University of California, Irvine

Poster New Technologies for Neutrino Physics Poster session

Speaker

Samuele Sangiorgio (Lawrence Livermore National Laboratory)

Description

The possible existence of additional heavy or right-handed (sterile) neutrino states remains a key window onto physics beyond the Standard Model. Heavy neutrinos in the keV mass range are particularly compelling as potential dark-matter candidates. Establishing or ruling out the existence of heavy neutrinos in this region of parameter space would represent a major milestone, with the potential to reshape our understanding of neutrino physics and the origin of dark matter. We present a new approach to search for keV-scale heavy neutrinos by leveraging recent advances in quantum sensing and optically levitated nanoparticles. The experiment uses a highly sensitive laser optical readout to measure the tiny recoil momenta imparted by tritium beta decays to nanoparticles confined in a radio-frequency trap. In this poster, we describe the experimental concept, motivate and quantify the main design choices, and outline the key technical challenges.
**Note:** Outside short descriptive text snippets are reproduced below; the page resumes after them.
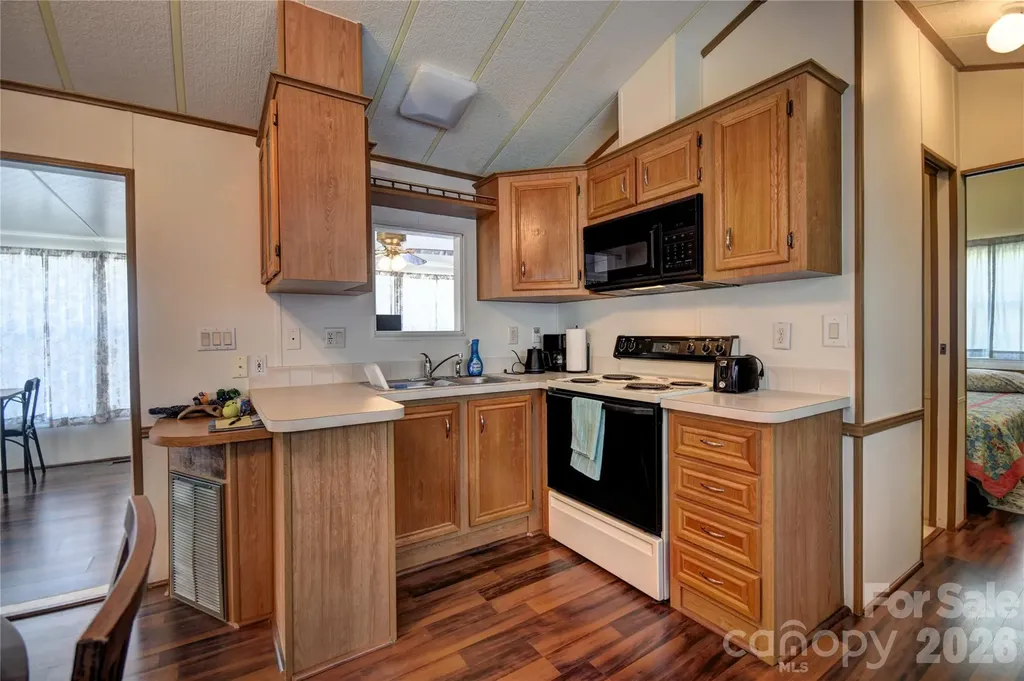 124 Pike Point Waynesville NC 28785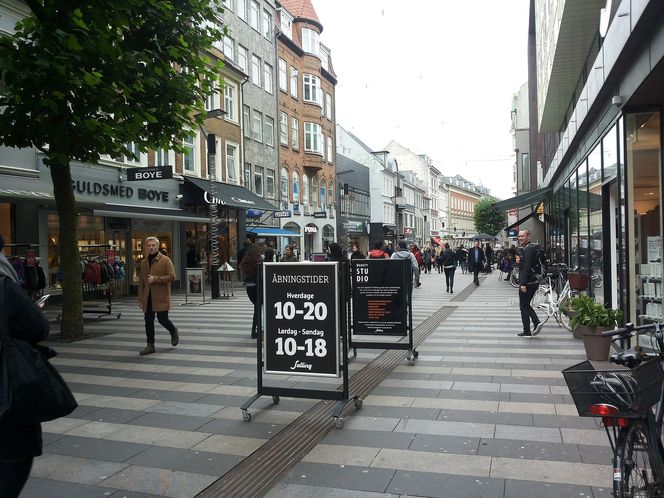 Ulica Strøget - reprezentacyjny deptak Kopenhagi, jeden z najdłuższych w Europie (1,1 km)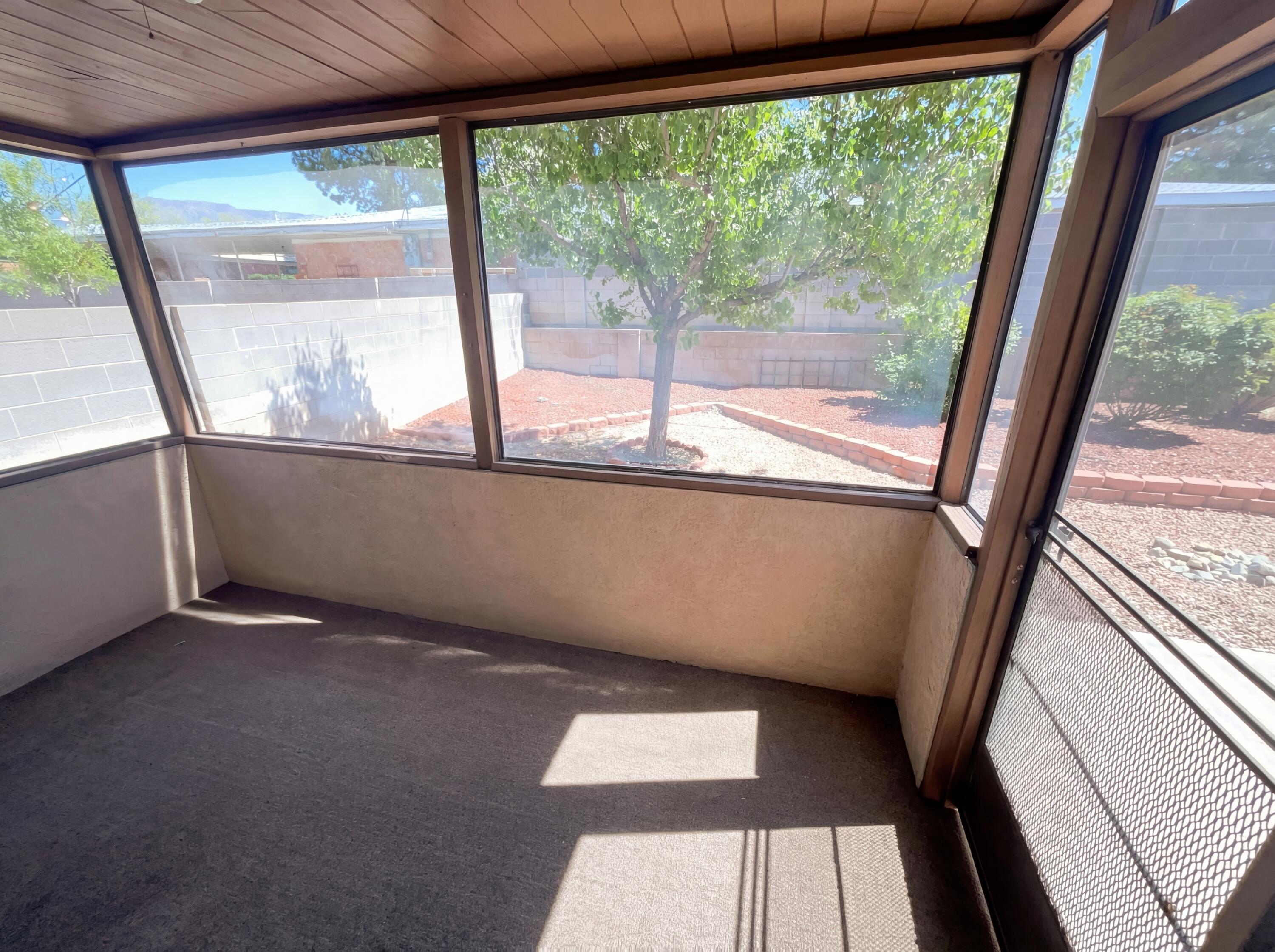 Photo 14 — 3336 Betts Drive NE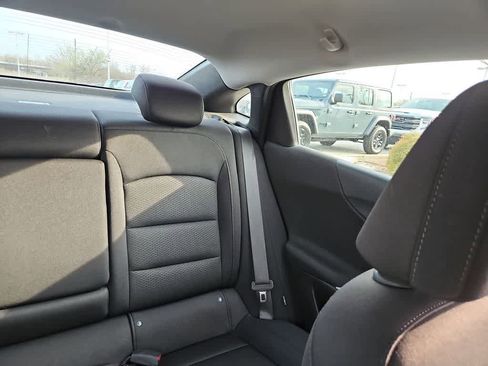 Used 2024 Chevrolet Malibu LT image 14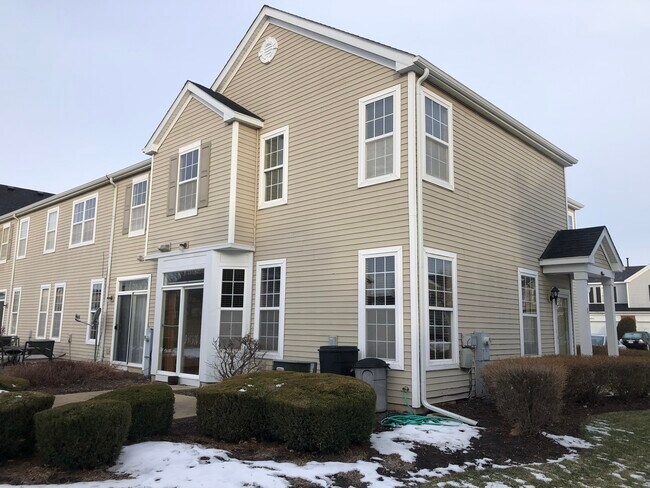 Building Photo - 5002 Montauk Dr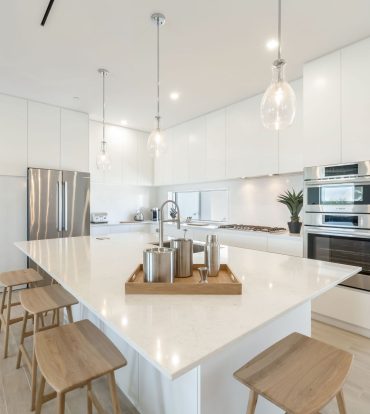 ONE CANAL POINT 131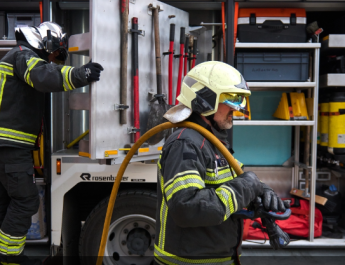 Local de hostelería en llamas y fuga de gas en el Casco Viejo: actuación rápida de bomberos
We then present results from Geant4-based and COMSOL simulations used to estimate the expected signal and background rates and to project the resulting sensitivity to keV-scale neutrino masses. We conclude with an overview of the ongoing R&D program and a roadmap toward a first experimental demonstrator, including projected sensitivity across the relevant heavy-neutrino parameter space and its comparison with existing constraints.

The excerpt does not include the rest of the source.